There is no reason not to have it running against a lot of incidents that natively contain IP addresses in the Entities list. You may of course start bit* about TI having native analytic rules already in Sentinel, or the fact that you can look at those IPs already in the GUI. But, do you have all of the scenarios covered with the TI Analytic Rules? How long does it take you to look at the IP addresses in the GUI when you have 50 of them listed in one incident?

You are at Layer 1 and not yet stable if:

  • Rules have been live for three or more months with no false positive review
  • Analysts are looking up TI and entity context manually during triage
  • You do not know which of your active rules actually fired in the last 30 days

Layer 2: Intermediate Detection

The shift here is conceptual. A failed login from a standard user who mistyped their password is not the same event as a failed login from your Exchange admin at 2am from a country they have never logged in from before.
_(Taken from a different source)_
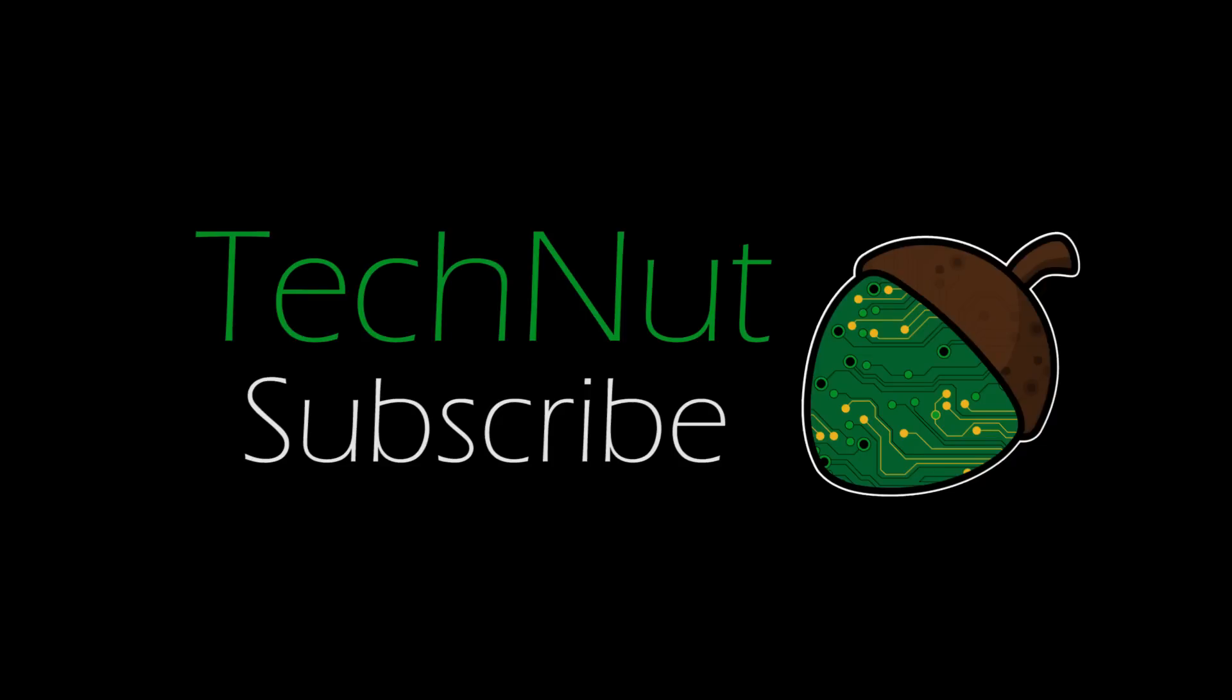And there you go. If you follow this guide you should now have the opportunity to run your Arc server using mods or a custom map. If you like this video please give it a thumbs up. If you have any questions or comments leave them below. And as always don't forget to subscribe.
A static rule treats them identically. That is the problem you are solving at this layer.

Intermediate detection binds your alerts to context. Who is the entity. What are they normally allowed to do. Does any of this match known threat intelligence. What else happened before or after.

Entity-enriched rules join against IdentityInfo inside the query itself where possible.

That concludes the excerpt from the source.